Start of EXCERPTED RECORDS
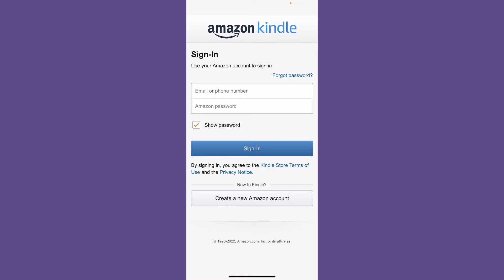If you already have an Amazon account, you can simply type in your Amazon account's credentials in the text boxes. But if you don't have one, you'll need to create a new Amazon account by tapping on Create a New Amazon Account at the bottom.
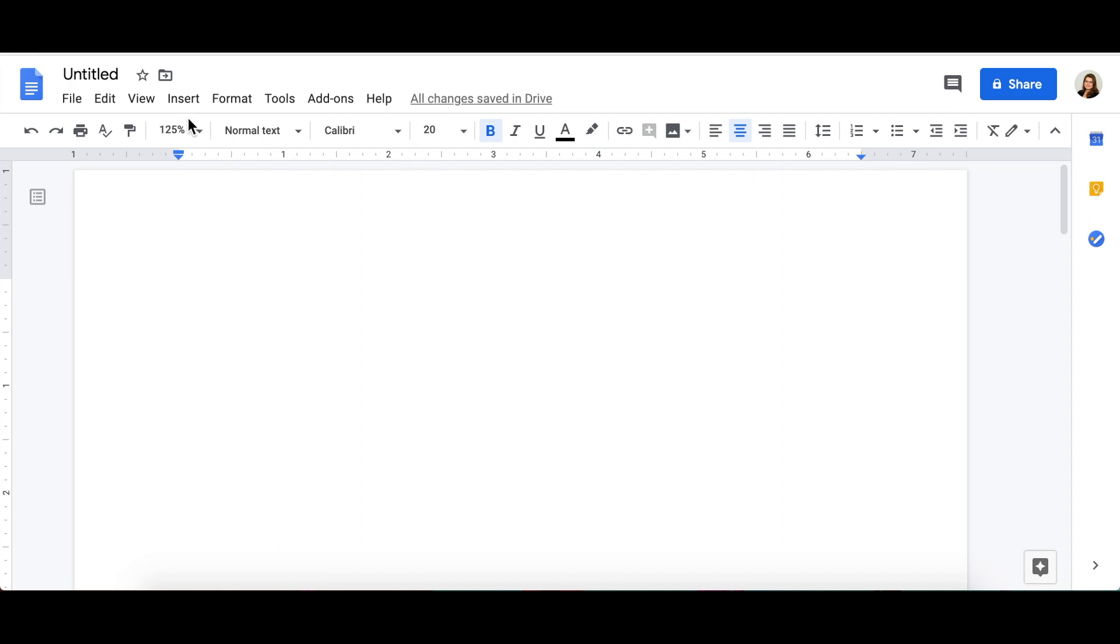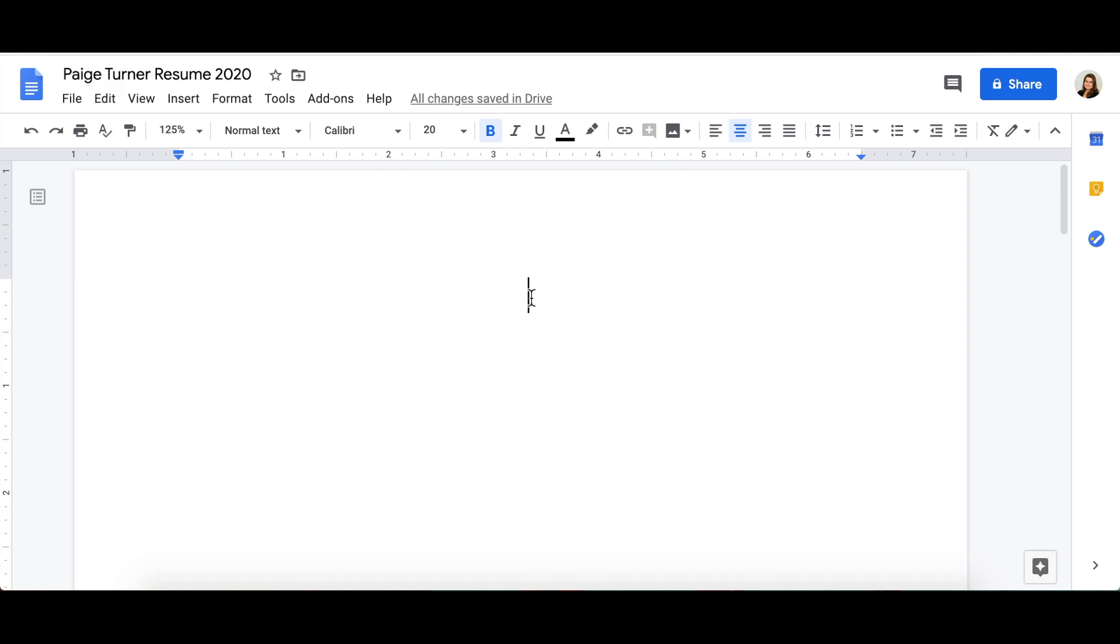Once you have a blank document open, save it as your full name, the word resume, and the year. This will allow you to save as you work, keep track of changes through the years, and make your file distinct and thus easier to find on an employer's computer.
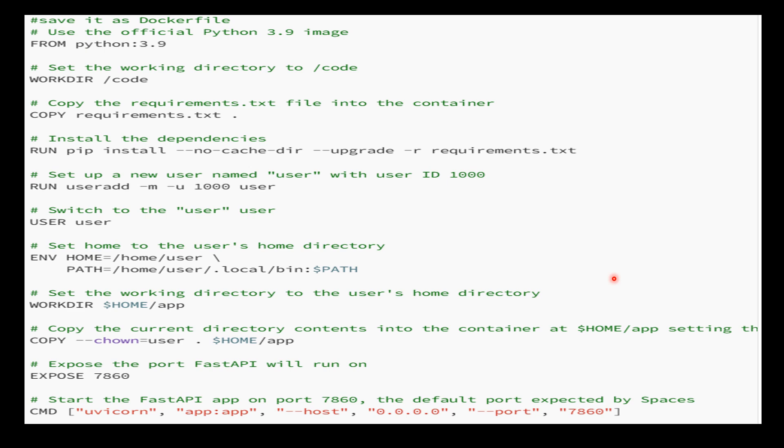Now we'll make the Dockerfile. This is used to define the instructions for building a Docker image intended to run a FastAPI application. The primary purpose is to set up an environment for the FastAPI application and run it. We use the official Python 3.9 image as the base image.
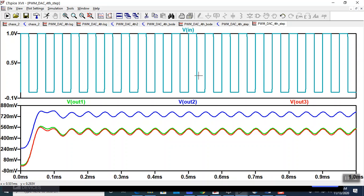Now, you could change this clock frequency and measure the peak-to-peak. Change, measure, change, measure repeatedly. And that'll take forever.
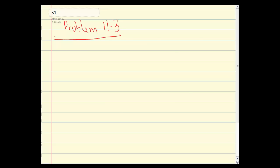They've already told us there's an acquisition of control, so you don't need to define it. Just tell us what happened — the application. Now that there's an acquisition of control, there's a deemed year end immediately before — the day before. That means you're going to file a tax return six months after the date of the acquisition of control. The acquisition of control happened June 2nd, so it's a short year.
End of EXCERPTED RECORDS
TASK TO COMPLETE:
Only the text of the records above, copied exactly, should be returned; the pictures stay out.

TASK SOLUTION:
If you already have an Amazon account, you can simply type in your Amazon account's credentials in the text boxes. But if you don't have one, you'll need to create a new Amazon account by tapping on Create a New Amazon Account at the bottom.
Once you have a blank document open, save it as your full name, the word resume, and the year. This will allow you to save as you work, keep track of changes through the years, and make your file distinct and thus easier to find on an employer's computer.
Now we'll make the Dockerfile. This is used to define the instructions for building a Docker image intended to run a FastAPI application. The primary purpose is to set up an environment for the FastAPI application and run it. We use the official Python 3.9 image as the base image.
Now, you could change this clock frequency and measure the peak-to-peak. Change, measure, change, measure repeatedly. And that'll take forever.
They've already told us there's an acquisition of control, so you don't need to define it. Just tell us what happened — the application. Now that there's an acquisition of control, there's a deemed year end immediately before — the day before. That means you're going to file a tax return six months after the date of the acquisition of control. The acquisition of control happened June 2nd, so it's a short year.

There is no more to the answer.